Previous downturns, while painful, have been "two-year affairs," Teal Group analyst Richard Aboulafia said.

But analysts now don't expect deliveries to improve until 2012, about four years after the recession started taking its toll on the market.

And Aboulafia predicts it will be 2015 or 2016 before the market returns to previous highs.

"We were all hoping the recovery would come in (the second half of this year), but it's continuing to linger," said Bombardier Learjet vice president and general manager David Coleal. "It continues to be very difficult in this segment of the market."

Their comments came ahead of the National Business Aviation Association's annual convention, which runs Tuesday through Oct. 21 in Atlanta. It's the world's largest show dedicated to business aircraft and the nation's fourth-largest trade show.

Cessna Aircraft is planning a major announcement at NBAA, and Hawker Beechcraft will announce some product advancements and some new additions, while Bombardier will provide information about its new Global family of aircraft and give updates on the new Learjet 85.

But Hawker Beechcraft CEO Bill Boisture said the market has stagnated.

Today, the market for business jets is 40 to 50 percent down from 2007 and 2008.

A year ago, Boisture expected the market to be flat by now. But "I didn't realize it would be flat as low as it is."

Wichita has borne the biggest brunt of downturn in the business jet market.

"Wichita really is the center of the problem," Aboulafia said. "The bottom half of the market is just getting crushed, and the top half is doing really well.

"It's one thing for the entire industry to feel a certain pain, but for all of the pain to be suddenly dumped on Wichita-based companies -- that's an extremely unusual event."

Companies that offer larger business jets -- Gulfstream, Dassault and Bombardier's larger jet segment of the market -- are doing fine, he said.

But builders of small to midsize jets -- Cessna Aircraft, Hawker Beechcraft and Bombardier's Learjet plant in Wichita -- have felt the most distress.

"It's a lot worse than anyone expected," Aboulafia said.

Wichita planemakers have cut production and about 13,000 jobs since late 2008.

Buyers of large business jets tend to be less susceptible to market fluctuations than smaller jet buyers.

Buyers of small and midsize jets also tend to rely on financing for jet purchases, and financing remains difficult.

And many orders for Wichita jets came from the fractional ownership market, which "basically imploded from the standpoint of taking (delivery of) new jets," Aboulafia said.

Sales of new aircraft also have been hurt by a glut of quality used aircraft on the market at low prices.

The numbers remain elevated, although they are coming down.

Wichita planemakers also are grappling with how to compete with a relative newcomer to the market -- Brazil-based Embraer.

The planemaker is capturing market share.

Embraer is "aiming its attention directly at Wichita," Aboulafia said.

Backlog pain

The distress in Wichita's business jet industry is evident in its eroding order backlogs.
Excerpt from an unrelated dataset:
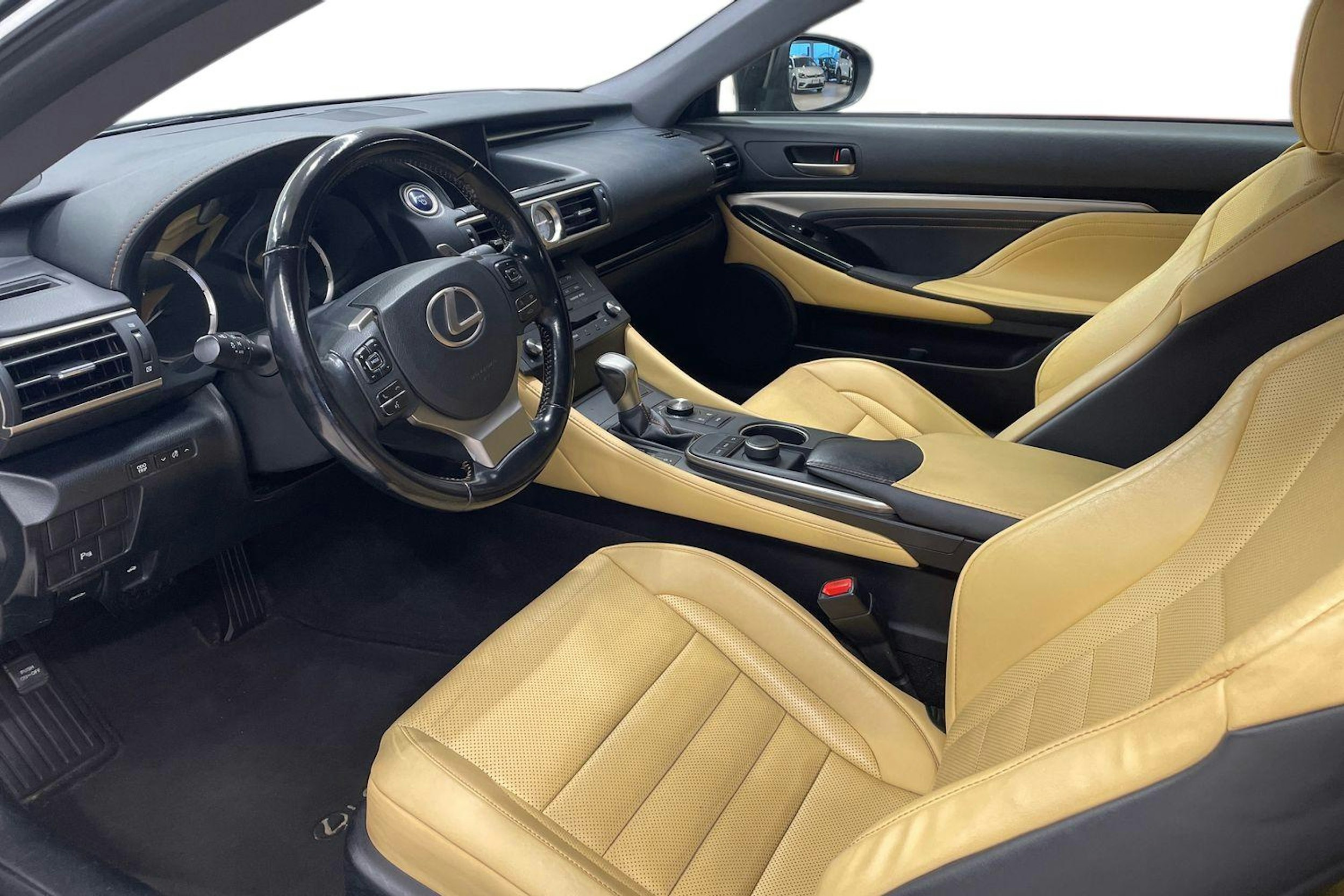 musta Lexus RC 2016 kuva 7.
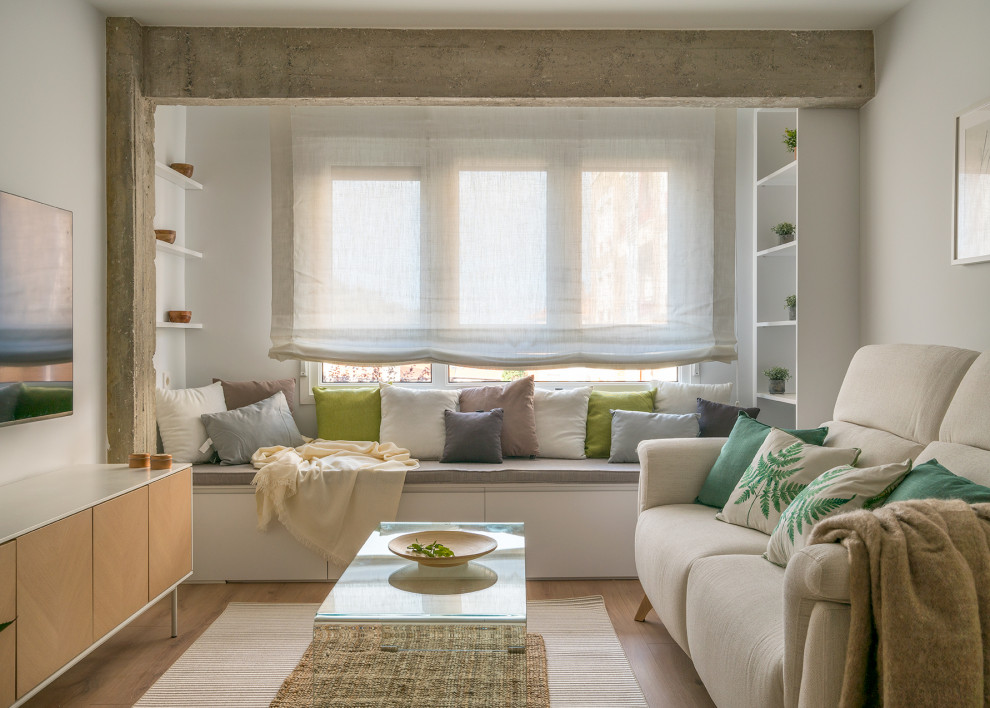 Design ideas for a mediterranean living room in Bilbao.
Cessna's backlog reached a record high of $16 billion at the end of the June 2008. At the end of 2009, it had dropped to $4.9 billion. And by the end of June, its backlog was $3.7 billion, down 77 percent from the 2008 high.
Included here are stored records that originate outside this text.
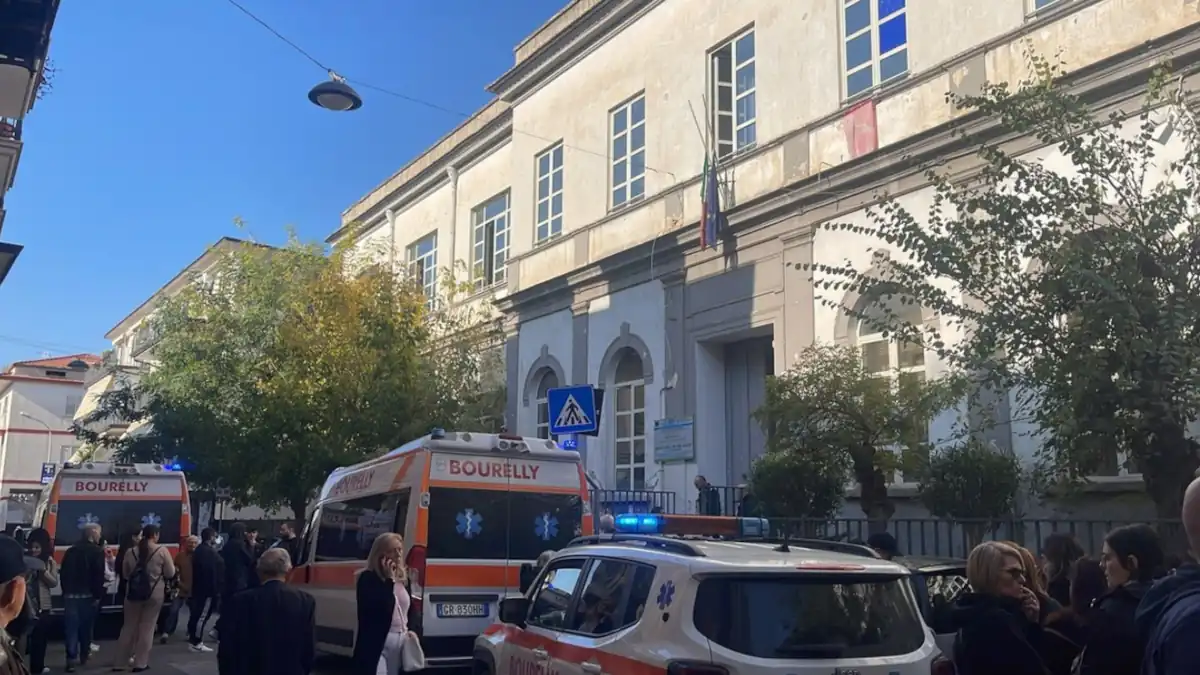 tragedia a scuola Marcianise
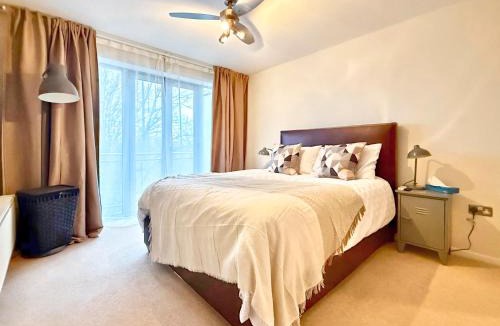 Chelmsford Apartment | Split level unique large 2BDR apartment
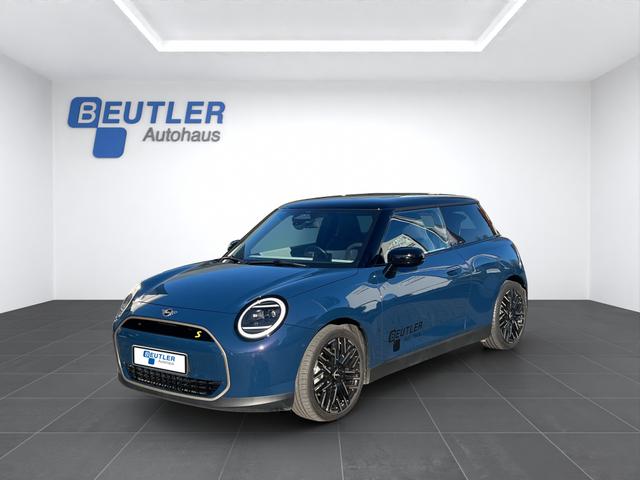 MINI Cooper - SE Favoured 18" Paket M HUD PANO LHZ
Hawker Beechcraft, meanwhile, reached a record $7.6 billion backlog at the end of 2008. But by the end of June 2010, it dropped to $2.4 billion, down 68 percent.

Bombardier posted a $23.5 billion backlog in its aerospace business at the end of January 2009, the end of its fiscal year. That's declined to $16.7 billion at the end of January this year, a drop of 29 percent.

The drops in backlog aren't good news, Aboulafia said. But no one can take comfort from business jet backlogs even in the good times, he said.